Don't be surprised if graphics programs soon employ wizards to make things even easier, with wizards that walk you through the steps to customize templates similar to the way that Windows 95 walks you through the addition of components or hardware.

Moving on Up

The World Wide Web changed the way we look at images. Two formats--GIF and JPEG--are standards for displaying graphics on the Web. Products like JASC's Paint Shop Pro have included features--such as transparent backgrounds--that are now in great demand. Web designers want images that appear to blend in with a page's background, "floating" on the backdrop.

Most graphics on the Web are static. There are fancy bullets and buttons, but for the most part graphics are used solely for illustration. Micrografx believes graphics should do more than look pretty. Its newest technology, ABC QuickSilver Pack ($9.95), is a Netscape and Internet Explorer plug-in to make browsing a more interactive process.

Pages containing ABC QuickSilver-enriched graphics can take action as the mouse moves over different parts of the graphic.

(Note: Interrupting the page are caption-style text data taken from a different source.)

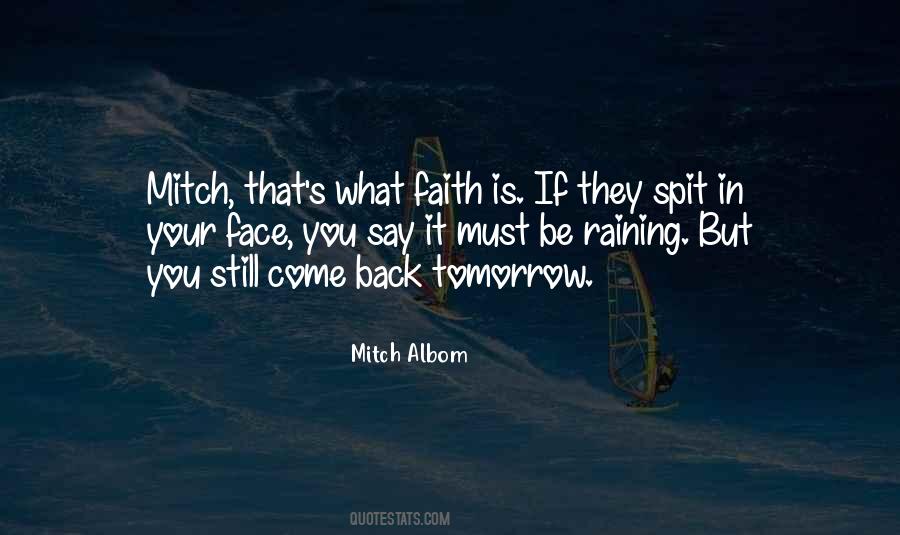 Mitch Albom Quotes #1544220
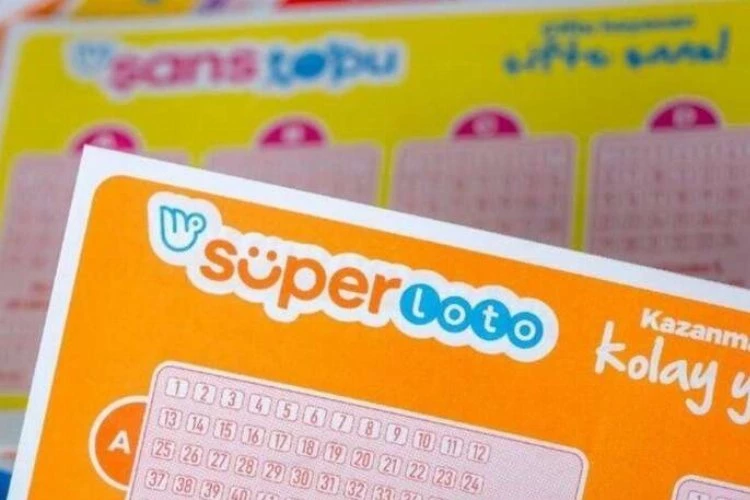 Süper Loto talihlisi çekini aldı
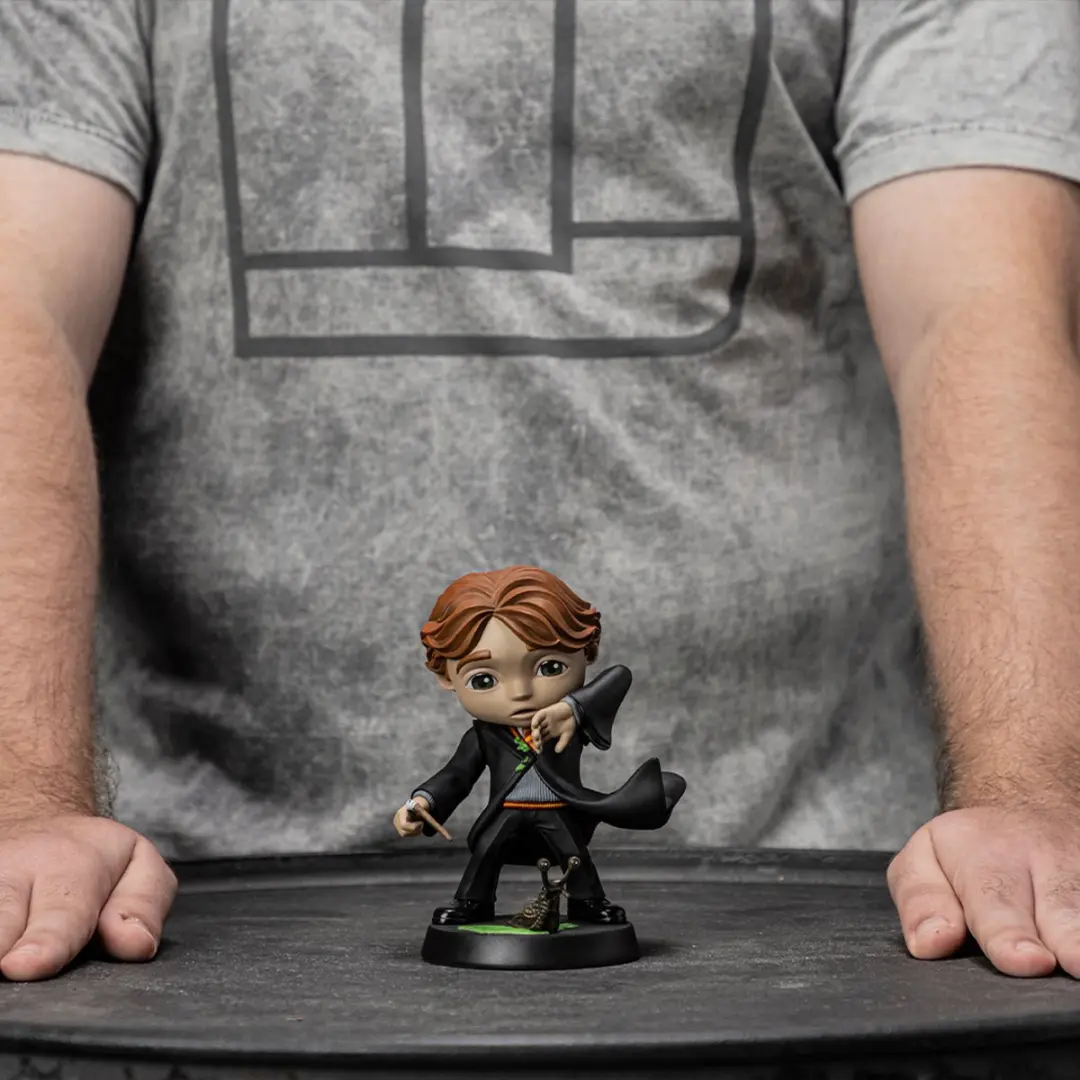 Harry Potter Ron Weasley Beeldje - 14cm - afbeelding 4 van 6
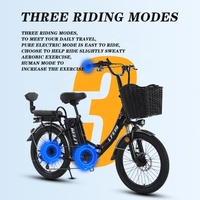 Vélo Électrique Pliant Russe 20 Pouces 350W 48V en Promotion Usine – Vélo de Ville Électrique Pliable E-Bike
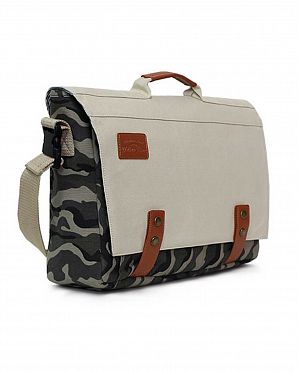 Сумка через плечо для ноутбука 15 YellowStone Straw Camo Сумка через плечо для ноутбука 15 YellowStone Straw Camo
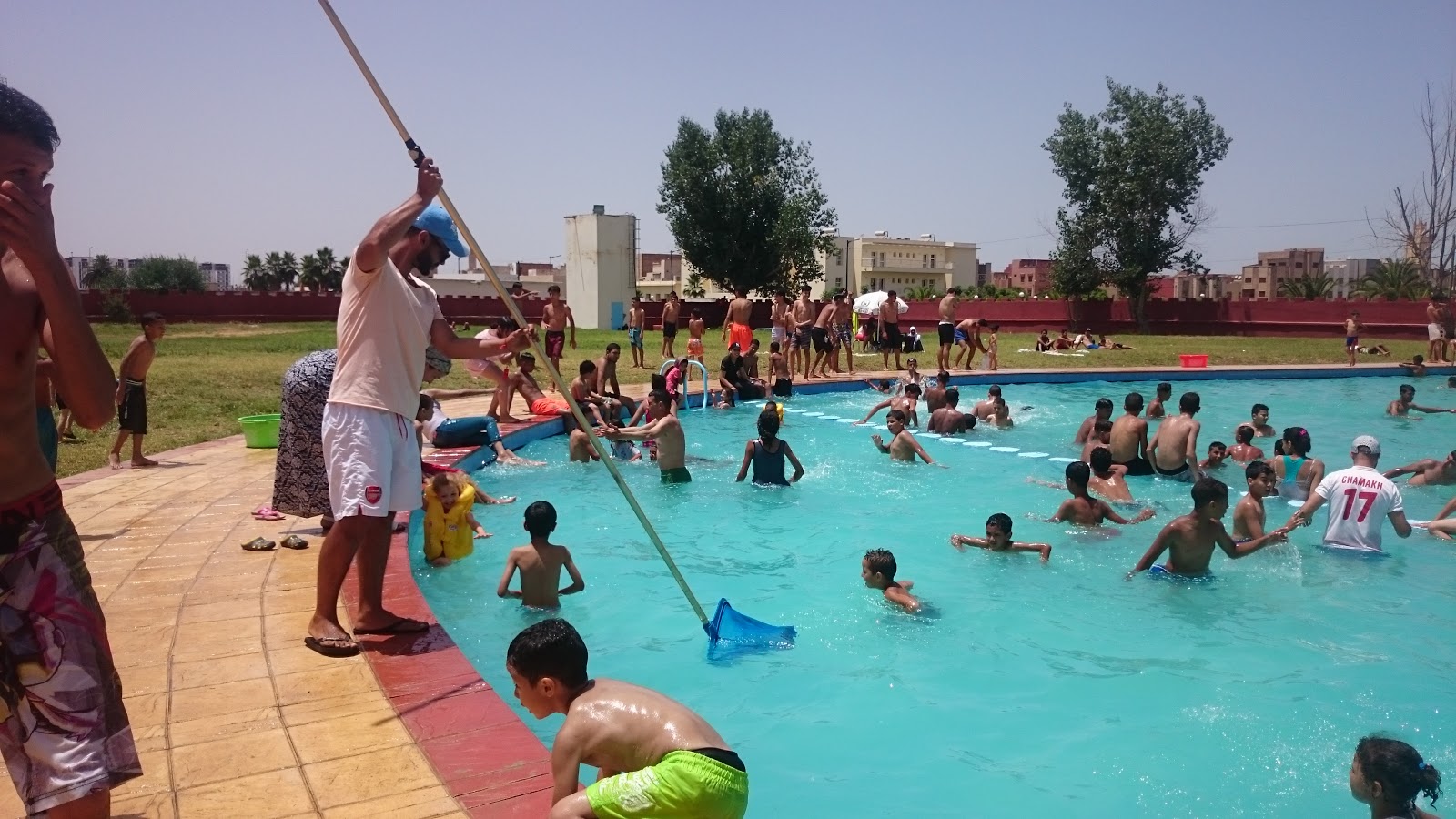المسبح البلدي piscine publique - Khémisset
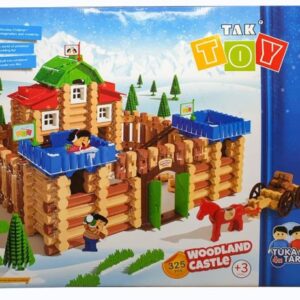 ست ساختنی قلعه جنگلی 325 قطعه تک توی, image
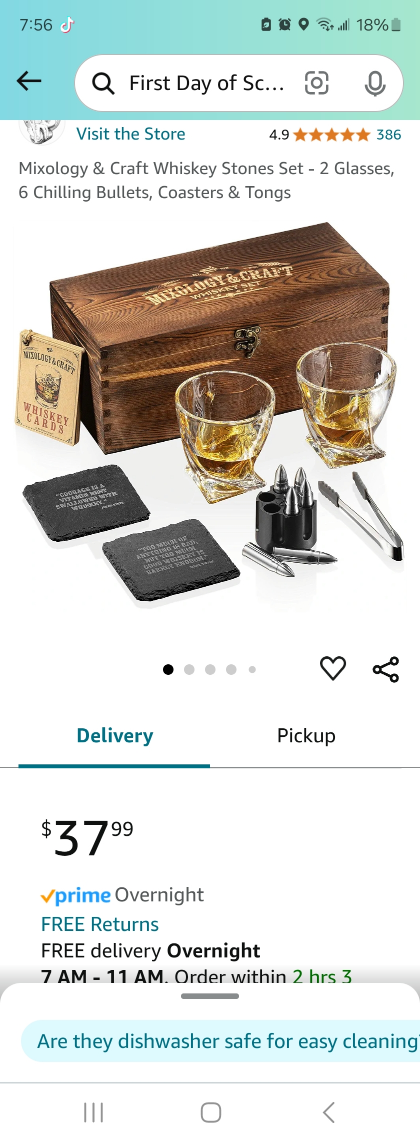 Mixology & Craft Whiskey Stones Set - photo 2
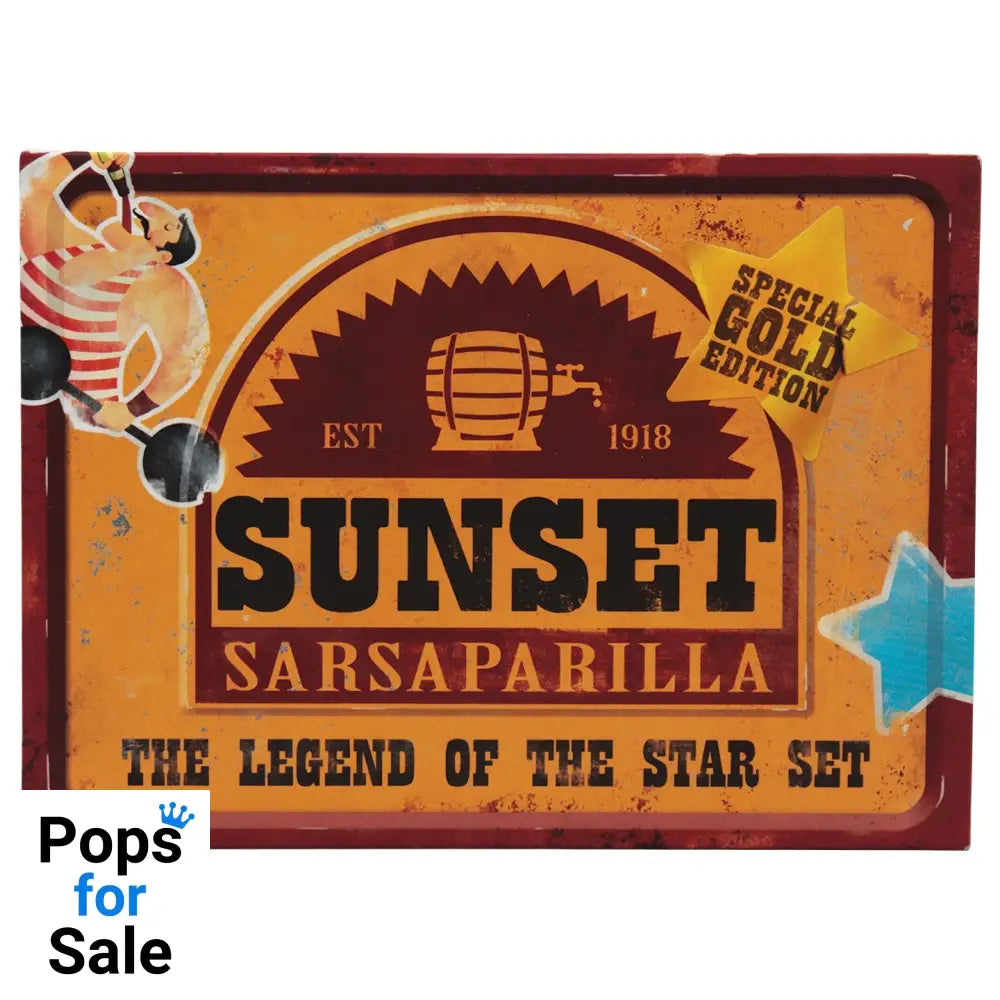 Fallout Sunset Sarsaparilla Legend of the Star Set  Gold Coloured Edition
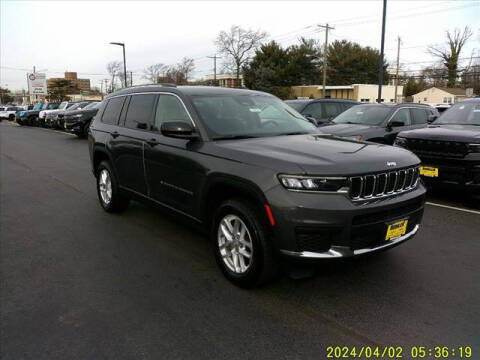 2021 Jeep Grand Cherokee L for sale at Buhler and Bitter Chrysler Jeep in Hazlet NJ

Imagine viewing a map of the U.S. on your Web page. As you move your mouse to a specific state on the map, text in the upper right corner of the map displays the state's population and other interesting details. Move the mouse to another state and the population figure and details change automatically.

ABC QuickSilver, used in tandem with Micrografx's ABC Graphics Suite, can also build layers of active graphics, allowing you, for example, to create an image that looks like a tabbed dialog box. As you click on a different tab, a new image attached to the tab appears on the screen in the same way we've seen in applications. With QuickSilver, objects can display a status line, change the cursor's shape, flash, spin or act as a jump.

The dialog box here is a single graphic that is downloaded once. When you move between tabs, no new graphic has to be downloaded. Instead, a new graphic layer is displayed. This gives you a much more interactive experience--and imagine how fast the page will download!

Like Micrografx, ProModel Corp. isn't content to let graphics sit still--its ProcessModel app belongs to a new class of programs that uses graphics with an animation engine to show how processes work in detail. (See ProcessModel 2.0 in the June issue.)

ProcessModel uses small images as a metaphor for developing a process that walks you through a procedure step by step. Once the various steps are delineated, the image moves along the flowchart graphic and reaches the proper department, all based on sophisticated processing decisions at each workstation along the way.

The new business graphics packages provide easier-to-use front ends in combination with slick-looking images and extended capabilities. Both the artistically challenged and the graphically proficient can use these tools to create impressive business images.

Joel T. Patz, a frequent contributor to WINDOWS Magazine, is a Pacific Northwest freelance writer with a wide variety of interests in electronic media.